What this task involves: Given the material below, return only the lines starting at the line with "Фото Honda CB1000F 2026 с японского аукциона" and ending at the line with "美少女ゲームソングイベント【Escape！】 tweet media", exactly as they appear.

Provided records:
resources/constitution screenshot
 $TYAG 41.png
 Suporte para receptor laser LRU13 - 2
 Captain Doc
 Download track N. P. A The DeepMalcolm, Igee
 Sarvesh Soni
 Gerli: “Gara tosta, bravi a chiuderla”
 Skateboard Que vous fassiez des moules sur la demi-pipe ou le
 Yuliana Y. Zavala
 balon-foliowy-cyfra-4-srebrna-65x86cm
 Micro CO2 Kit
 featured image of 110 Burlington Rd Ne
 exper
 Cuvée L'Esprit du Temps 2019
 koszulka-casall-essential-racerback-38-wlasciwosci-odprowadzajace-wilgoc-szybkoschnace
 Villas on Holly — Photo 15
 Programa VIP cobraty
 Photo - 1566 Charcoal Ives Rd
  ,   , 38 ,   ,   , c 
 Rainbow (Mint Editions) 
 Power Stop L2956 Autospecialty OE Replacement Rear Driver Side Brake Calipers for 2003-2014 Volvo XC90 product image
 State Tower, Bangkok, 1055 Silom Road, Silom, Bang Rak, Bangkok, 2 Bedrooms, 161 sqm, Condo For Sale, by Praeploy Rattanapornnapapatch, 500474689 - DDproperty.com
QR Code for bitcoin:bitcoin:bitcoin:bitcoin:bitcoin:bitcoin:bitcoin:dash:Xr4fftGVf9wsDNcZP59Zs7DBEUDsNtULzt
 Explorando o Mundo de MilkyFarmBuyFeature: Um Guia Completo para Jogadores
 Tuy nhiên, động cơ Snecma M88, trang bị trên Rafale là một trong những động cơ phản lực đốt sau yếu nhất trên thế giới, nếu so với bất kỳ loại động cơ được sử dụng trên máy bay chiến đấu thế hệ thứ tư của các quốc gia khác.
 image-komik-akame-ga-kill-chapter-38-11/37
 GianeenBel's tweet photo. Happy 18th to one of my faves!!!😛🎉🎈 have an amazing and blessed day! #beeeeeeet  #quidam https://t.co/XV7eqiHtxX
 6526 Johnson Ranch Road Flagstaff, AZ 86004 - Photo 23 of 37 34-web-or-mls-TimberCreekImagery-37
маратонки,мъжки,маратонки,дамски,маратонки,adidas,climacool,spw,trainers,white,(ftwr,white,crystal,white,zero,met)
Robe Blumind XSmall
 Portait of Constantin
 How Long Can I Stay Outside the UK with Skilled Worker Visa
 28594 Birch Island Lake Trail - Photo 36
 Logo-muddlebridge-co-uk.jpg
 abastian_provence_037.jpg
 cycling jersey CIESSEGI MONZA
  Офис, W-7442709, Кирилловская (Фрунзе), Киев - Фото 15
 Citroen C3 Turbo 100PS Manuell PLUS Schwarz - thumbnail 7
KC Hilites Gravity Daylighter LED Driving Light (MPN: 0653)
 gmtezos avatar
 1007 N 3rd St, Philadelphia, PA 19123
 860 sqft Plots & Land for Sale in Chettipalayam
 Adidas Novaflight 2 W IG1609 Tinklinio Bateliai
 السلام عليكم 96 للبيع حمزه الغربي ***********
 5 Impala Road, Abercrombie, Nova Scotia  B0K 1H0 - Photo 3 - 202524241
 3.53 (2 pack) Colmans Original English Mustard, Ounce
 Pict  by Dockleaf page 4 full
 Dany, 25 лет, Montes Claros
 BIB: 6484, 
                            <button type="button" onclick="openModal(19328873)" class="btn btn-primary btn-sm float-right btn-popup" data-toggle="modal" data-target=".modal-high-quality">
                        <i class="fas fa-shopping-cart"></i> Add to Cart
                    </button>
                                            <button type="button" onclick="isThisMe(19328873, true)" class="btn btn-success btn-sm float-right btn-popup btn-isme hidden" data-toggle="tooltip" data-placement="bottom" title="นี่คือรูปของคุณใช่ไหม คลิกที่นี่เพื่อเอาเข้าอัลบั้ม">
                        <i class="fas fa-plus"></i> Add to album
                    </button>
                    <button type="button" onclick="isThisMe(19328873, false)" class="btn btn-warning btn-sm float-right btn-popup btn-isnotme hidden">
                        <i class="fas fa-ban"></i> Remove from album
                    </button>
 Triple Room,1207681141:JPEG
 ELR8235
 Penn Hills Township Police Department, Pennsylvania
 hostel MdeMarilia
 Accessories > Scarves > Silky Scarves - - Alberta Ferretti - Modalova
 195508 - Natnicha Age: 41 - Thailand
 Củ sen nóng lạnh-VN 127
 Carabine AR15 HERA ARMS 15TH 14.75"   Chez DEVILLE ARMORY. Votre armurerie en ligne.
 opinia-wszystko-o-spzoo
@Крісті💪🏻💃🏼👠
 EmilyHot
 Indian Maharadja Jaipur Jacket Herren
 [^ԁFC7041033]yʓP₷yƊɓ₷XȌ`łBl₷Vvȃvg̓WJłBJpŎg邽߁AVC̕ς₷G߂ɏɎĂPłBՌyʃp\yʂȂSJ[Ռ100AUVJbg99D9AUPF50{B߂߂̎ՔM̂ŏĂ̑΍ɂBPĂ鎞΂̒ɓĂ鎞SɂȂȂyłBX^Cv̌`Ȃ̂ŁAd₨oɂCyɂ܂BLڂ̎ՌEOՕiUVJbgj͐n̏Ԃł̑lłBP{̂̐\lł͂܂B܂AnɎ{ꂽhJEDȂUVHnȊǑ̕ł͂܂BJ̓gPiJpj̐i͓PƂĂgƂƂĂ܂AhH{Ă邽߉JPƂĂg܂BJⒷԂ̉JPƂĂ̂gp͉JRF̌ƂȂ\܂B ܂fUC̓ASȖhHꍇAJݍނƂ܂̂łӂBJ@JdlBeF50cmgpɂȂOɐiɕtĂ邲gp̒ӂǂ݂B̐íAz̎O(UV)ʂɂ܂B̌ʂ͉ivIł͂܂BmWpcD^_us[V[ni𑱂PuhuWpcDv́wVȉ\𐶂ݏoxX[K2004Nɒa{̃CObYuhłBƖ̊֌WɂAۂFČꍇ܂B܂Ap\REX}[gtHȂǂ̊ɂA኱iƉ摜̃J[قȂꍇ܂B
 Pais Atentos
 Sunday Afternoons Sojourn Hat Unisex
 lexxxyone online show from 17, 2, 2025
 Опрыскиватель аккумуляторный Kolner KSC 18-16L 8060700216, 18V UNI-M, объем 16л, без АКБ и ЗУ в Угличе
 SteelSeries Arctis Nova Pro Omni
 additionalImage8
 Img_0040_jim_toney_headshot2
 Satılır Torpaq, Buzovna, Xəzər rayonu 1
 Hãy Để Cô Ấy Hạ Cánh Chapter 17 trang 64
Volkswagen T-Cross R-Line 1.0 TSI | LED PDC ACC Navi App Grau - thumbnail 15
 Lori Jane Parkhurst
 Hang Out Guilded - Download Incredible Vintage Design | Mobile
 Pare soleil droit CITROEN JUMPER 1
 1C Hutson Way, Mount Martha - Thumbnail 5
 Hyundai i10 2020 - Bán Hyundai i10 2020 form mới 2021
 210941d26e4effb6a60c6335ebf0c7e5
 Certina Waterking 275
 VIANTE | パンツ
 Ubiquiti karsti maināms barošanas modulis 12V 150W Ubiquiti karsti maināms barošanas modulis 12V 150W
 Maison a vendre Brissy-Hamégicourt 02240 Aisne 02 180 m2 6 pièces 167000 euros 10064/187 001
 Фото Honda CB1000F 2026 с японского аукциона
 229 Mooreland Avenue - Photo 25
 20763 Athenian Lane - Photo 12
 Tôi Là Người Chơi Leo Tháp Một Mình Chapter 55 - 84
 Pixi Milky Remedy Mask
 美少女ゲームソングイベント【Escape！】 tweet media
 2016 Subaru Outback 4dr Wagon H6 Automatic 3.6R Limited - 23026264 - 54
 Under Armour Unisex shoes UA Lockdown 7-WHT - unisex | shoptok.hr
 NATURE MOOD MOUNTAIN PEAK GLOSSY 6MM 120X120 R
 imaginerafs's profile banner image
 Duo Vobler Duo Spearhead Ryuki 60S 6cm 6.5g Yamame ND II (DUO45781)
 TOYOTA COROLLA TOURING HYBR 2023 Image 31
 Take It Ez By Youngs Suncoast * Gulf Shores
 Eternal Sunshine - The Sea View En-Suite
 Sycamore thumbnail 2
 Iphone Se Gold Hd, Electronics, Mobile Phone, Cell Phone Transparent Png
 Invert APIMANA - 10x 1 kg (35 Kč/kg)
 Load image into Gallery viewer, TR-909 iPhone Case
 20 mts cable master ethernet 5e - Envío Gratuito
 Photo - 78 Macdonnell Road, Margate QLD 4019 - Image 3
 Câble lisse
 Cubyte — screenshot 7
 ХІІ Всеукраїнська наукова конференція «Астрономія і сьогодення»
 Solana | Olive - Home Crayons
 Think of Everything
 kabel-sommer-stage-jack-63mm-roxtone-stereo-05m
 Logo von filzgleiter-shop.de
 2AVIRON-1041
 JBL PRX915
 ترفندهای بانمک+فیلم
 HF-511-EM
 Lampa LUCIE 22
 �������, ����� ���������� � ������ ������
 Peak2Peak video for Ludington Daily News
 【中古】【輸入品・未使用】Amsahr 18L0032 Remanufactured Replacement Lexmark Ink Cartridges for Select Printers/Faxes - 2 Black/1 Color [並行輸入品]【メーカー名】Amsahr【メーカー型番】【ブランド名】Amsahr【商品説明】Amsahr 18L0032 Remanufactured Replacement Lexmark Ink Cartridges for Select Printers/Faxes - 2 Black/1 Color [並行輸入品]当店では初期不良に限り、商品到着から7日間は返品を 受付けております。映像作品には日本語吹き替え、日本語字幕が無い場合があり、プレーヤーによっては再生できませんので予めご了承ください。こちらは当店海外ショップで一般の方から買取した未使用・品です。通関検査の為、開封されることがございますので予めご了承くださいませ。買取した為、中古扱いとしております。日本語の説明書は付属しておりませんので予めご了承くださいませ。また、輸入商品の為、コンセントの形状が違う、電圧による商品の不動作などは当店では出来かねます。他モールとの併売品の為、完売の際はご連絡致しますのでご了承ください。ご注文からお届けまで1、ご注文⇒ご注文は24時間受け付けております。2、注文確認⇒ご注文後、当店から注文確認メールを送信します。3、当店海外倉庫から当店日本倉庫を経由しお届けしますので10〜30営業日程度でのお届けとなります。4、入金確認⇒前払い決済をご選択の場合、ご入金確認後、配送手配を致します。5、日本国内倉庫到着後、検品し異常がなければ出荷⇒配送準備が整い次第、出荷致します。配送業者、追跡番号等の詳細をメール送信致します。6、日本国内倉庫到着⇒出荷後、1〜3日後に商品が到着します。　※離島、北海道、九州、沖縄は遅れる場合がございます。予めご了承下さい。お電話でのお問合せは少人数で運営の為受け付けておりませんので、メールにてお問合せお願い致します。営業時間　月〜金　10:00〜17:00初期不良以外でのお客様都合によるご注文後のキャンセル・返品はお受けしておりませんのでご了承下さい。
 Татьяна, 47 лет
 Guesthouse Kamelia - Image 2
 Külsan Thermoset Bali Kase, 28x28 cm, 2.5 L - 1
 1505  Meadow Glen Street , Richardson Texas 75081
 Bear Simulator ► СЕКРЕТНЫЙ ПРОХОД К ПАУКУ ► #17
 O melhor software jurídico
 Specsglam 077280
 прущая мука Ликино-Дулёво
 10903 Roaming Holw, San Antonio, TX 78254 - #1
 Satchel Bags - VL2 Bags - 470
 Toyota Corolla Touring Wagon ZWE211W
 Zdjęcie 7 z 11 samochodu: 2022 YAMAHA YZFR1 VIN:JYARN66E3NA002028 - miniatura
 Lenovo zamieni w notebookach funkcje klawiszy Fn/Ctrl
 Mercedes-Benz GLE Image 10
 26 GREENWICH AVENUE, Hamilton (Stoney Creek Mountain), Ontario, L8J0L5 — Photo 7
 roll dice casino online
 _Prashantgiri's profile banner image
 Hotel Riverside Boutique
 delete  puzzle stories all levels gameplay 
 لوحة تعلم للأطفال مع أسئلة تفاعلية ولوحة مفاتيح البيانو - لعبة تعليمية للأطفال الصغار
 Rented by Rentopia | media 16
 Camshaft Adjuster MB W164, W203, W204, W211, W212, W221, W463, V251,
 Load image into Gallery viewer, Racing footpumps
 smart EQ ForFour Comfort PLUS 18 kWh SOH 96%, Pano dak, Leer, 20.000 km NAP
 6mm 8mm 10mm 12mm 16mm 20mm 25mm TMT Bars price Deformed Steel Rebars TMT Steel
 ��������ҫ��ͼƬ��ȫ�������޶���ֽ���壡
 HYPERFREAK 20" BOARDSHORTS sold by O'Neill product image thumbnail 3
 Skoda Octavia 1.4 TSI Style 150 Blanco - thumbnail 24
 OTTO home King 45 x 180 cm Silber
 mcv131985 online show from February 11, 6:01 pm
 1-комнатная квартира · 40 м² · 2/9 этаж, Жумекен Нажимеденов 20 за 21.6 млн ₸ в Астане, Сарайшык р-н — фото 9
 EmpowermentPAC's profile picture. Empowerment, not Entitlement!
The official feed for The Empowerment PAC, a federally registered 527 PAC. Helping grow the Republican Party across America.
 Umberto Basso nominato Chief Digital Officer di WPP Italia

Result of the task:
 Фото Honda CB1000F 2026 с японского аукциона
 229 Mooreland Avenue - Photo 25
 20763 Athenian Lane - Photo 12
 Tôi Là Người Chơi Leo Tháp Một Mình Chapter 55 - 84
 Pixi Milky Remedy Mask
 美少女ゲームソングイベント【Escape！】 tweet media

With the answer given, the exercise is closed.